Витя придвинулся ближе к отцу:
— Папа, а ты обещал рассказать о прошлом, о людях нашего города. Помнишь?
Отец вопросительно взглянул на сына:
— О ком же?
— О тех, кого у кладбищенской стены расстреляли, — напомнил Витя.
— Это ты про комиссаров? — Михаил Иванович задумался, словно перебирая что-то в памяти, потом медленно продолжал: — Крепкие были люди… Знал я одного из таких героев.
Витя так весь и подался к отцу. Глаза его загорелись:
— Расскажи, папа!
— Ненадолго свела меня судьба с ним, — в раздумье говорил отец. — Вскоре погиб он. Уже потом мне люди многое порассказали.
— Он кто, комиссар был? — не терпелось Вите.
— Комиссар. Назукин его фамилия. Иван Назукин.
— Знаю, — обрадовался Витя. — Знаю. У нас в городе улица такая: Назукина называется.
— Он и есть, — подтвердил Михаил Иванович. — Это уже после гражданской войны его именем улицу назвали.
Михаил Иванович приподнялся, прислонился к стволу дуба.

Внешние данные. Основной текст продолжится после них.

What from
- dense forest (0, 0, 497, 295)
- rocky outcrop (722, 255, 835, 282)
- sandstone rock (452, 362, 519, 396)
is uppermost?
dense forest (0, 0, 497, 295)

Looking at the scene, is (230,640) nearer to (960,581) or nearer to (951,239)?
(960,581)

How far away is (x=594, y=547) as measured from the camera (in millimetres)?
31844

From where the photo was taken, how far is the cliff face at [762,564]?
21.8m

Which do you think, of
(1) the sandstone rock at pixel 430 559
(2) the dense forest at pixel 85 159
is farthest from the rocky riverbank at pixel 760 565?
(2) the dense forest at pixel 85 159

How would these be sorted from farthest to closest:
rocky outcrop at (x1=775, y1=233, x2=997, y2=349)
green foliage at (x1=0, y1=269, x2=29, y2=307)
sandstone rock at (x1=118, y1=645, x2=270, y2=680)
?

— Что же, — сказал он. — Если ты так интересуешься, расскажу по порядку все, что знаю про этого человека. Рассказывали, что родился он на Урале, в бедной крестьянской семье. Учился в школе недолго. Из второго класса ушел на заработки. Сначала работал на заводе молотобойцем, потом кузнецом. Но жизнь его не становилась легче. Труд был тяжелый, а платили за него гроши. Задумался парень: «Почему так? Одни работают, строят машины, выращивают зерно, а живут впроголодь. Другие имеют богатство, хоть и не трудятся. В чем тут дело?» И начал он читать революционные книжки, в которых объяснялось, как нужно изменить порядки, чтобы рабочий человек стал хозяином своей страны, хозяином своего труда.

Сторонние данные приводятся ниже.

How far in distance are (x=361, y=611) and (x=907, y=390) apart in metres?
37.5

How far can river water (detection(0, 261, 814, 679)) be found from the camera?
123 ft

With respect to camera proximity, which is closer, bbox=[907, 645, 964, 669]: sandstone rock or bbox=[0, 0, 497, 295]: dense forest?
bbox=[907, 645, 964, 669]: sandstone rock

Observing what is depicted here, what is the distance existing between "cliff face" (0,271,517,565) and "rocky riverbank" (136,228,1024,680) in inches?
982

В то время случилась на заводе забастовка. Назукин вместе с народом пошел. И не так, чтобы где-нибудь в стороне, а в первых рядах — в зачинщиках. Ну, понятно, с завода его уволили.
Слыхал я еще, что служил он матросом на подводной лодке «Судак». Крепкую закалку получил. Матросы народ боевой, дружный. Все за одного, один за всех. Назукин там помогал большевикам. Дело это опасное. Попадешься — военный суд и расстрел. Но он, понятно, знал, на что шел. И не боялся.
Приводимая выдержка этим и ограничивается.